Optimally, every system of assessment will incorporate both the preference for present market value and the requirement of uniformity into its general scheme; but when these two concepts cannot be accommodated under the facts of a specific case, the former must give way to the latter as the true measure of assessment.

In Stewart, the competing concepts related to the selection of two different base years, not two methods for determining value. Here in expressly "factoring back" his present evaluation to the 1974 base year Seaford Associates' expert applied the same valuation benchmark used by the Board. The requirement of uniformity does not, as the Board contends, require the taxing authority "to use a cost less depreciation assessment method which is factored back to a 1974 base tax year." Uniformity merely requires that present *1050 market value be factored back to a base tax year. Market value, in turn, may be determined by using any of the three recognized methods, or any combination thereof. Thus, the preference for present market value and the need for uniformity are harmonized.
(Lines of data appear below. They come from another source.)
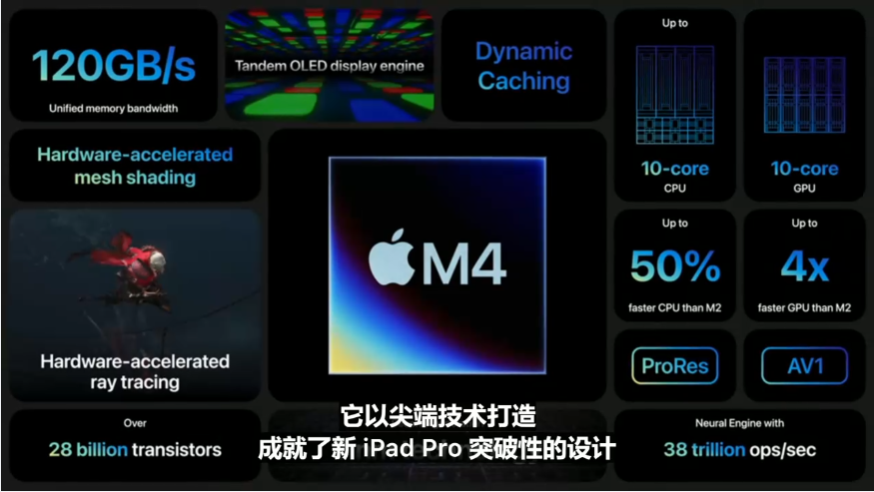 古尔曼:苹果不会在 wwdc 2024 中推出任何搭载 m4 芯片的 mac 电脑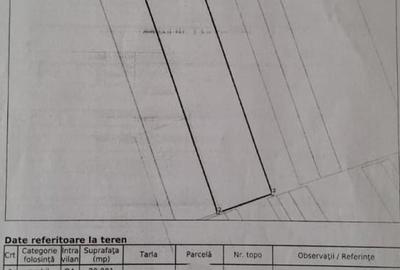 Teren intravilan de 20001 mp, în Vest - 7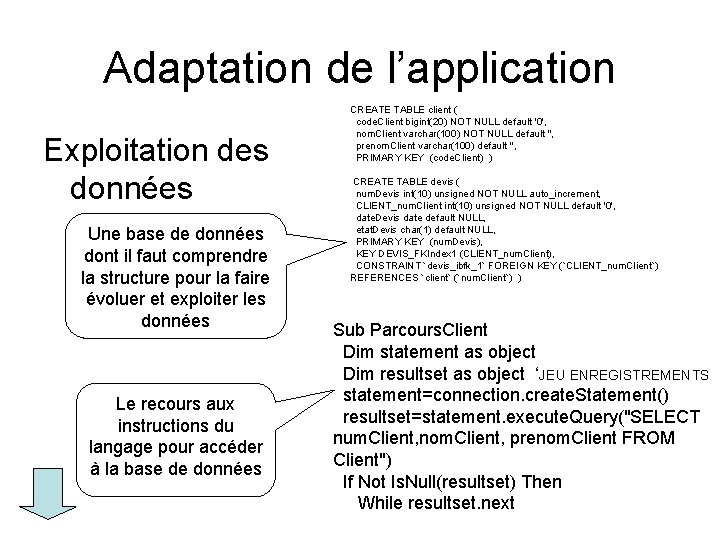 Adaptation de l’application Exploitation des données Une base de données dont il faut comprendre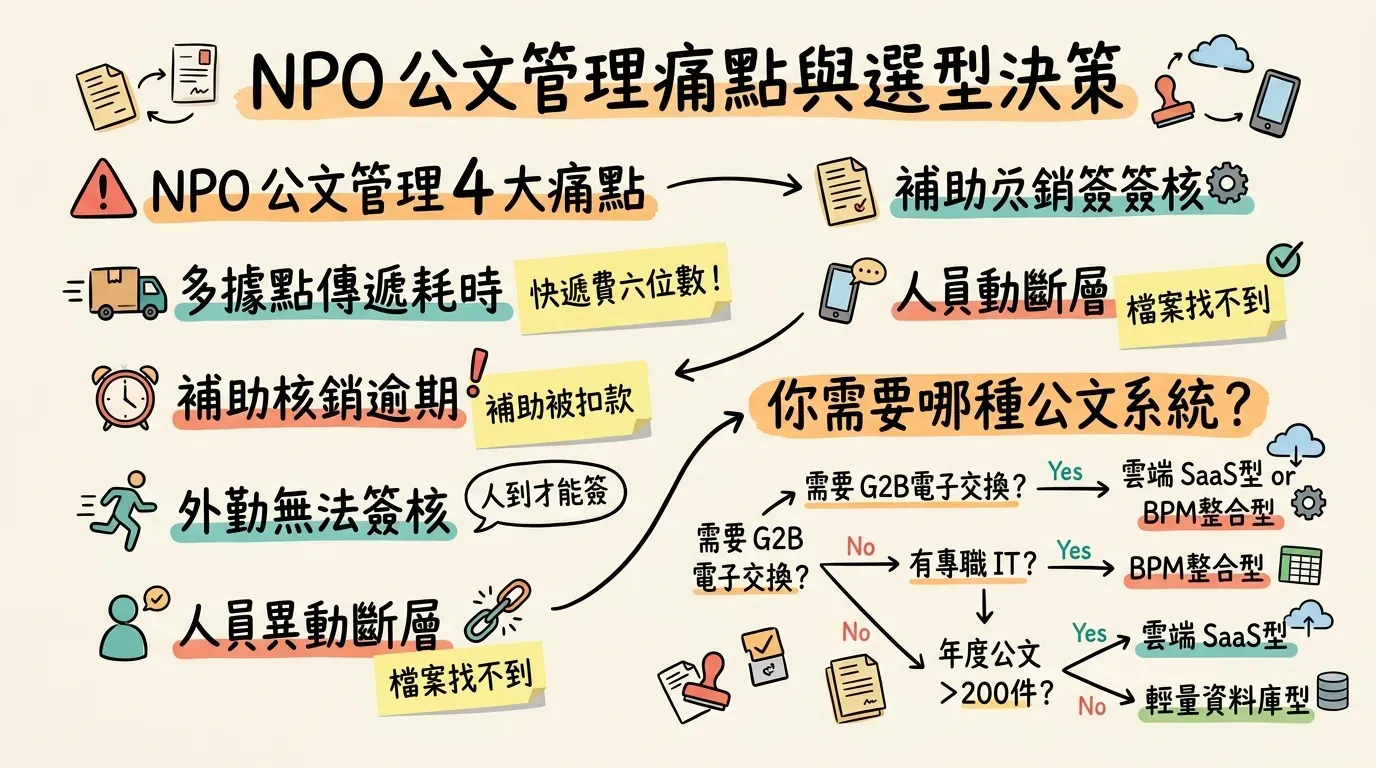NPO 公文管理 4 大痛點與選型決策樹資訊圖表：多據點傳遞耗時、補助核銷逾期、外勤無法簽核、人員異動斷層，以及依 G2B 需求、IT 能力、公文量判斷適合的方案類型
Finally, we note the concern of the Board and the Superior Court that adoption of the income method may result in reassessment requests as income varies. As previously indicated, the income method of valuation, even where appropriate, should not be accepted as the sole method for fixing market value. If relied upon as the principal technique its validity must be tested against at least one of the two remaining standards. See Fitzsimmons v. McCorkle, 214 A.2d at 339. Moreover, the capitalization of income approach is directed to investment valuation over an extended period of time and its projection may not be based on aberrational operating results or temporary phenomena. The many variables of expenses and the factors which make up the capitalization rate are subject to close scrutiny to assure that they are both accurate and realistic.

The decision of the Superior Court is REVERSED and the case REMANDED to the Board of Assessment for further proceedings consistent with this opinion.

NOTES

[1] The three techniques were explained in the Reynolds appraisal report as follows:

In the Market Approach recent sales of similar properties are examined and compared to the subject property. Market oriented adjustments are made for any differences between the comparable sales and the subject.
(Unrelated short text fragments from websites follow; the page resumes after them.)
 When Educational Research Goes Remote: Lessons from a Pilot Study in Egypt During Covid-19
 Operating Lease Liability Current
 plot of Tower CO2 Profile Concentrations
The Income Approach is a method of arriving at the estimated value of the property by analyzing the potential income and expenses from income producing real estate. The net income is then capitalized to indicate the value of the property as an investment. It assumes a return based on that which competitive properties are receiving.

In the Cost Approach, the site and improvements are treated separately for analytical purposes. By means of a market analysis, the site is valued independently as if vacant and ready to be put to its highest and best use.

Next, the reproduction cost new of the improvements is estimated. This represents the most probable cost of building a replica structure. From this estimate is deducted all depreciation or utility loss accruing to the building.

The depreciated cost new is then added to the total of site improvements and land value to arrive at the indicated value from this analysis.

[2] The Board's attack upon the failure of Seaford Associates to discharge its burden of proof of overassessment takes on added importance here since the only affirmative evidence of valuation was that offered by the property owner. The County Assessor did not testify but questioned Reynolds' appraisal methodology and urged the Board, as a matter of policy, not to adopt the income method. Since there was no competing evidence and the Board admitted the evidence without reservation, the property owner "was justified in assuming the evidence was relevant and that its theory of the case was before the Board as an alternative." Delaware Racing Ass'n v. McMahon, 340 A.2d at 841.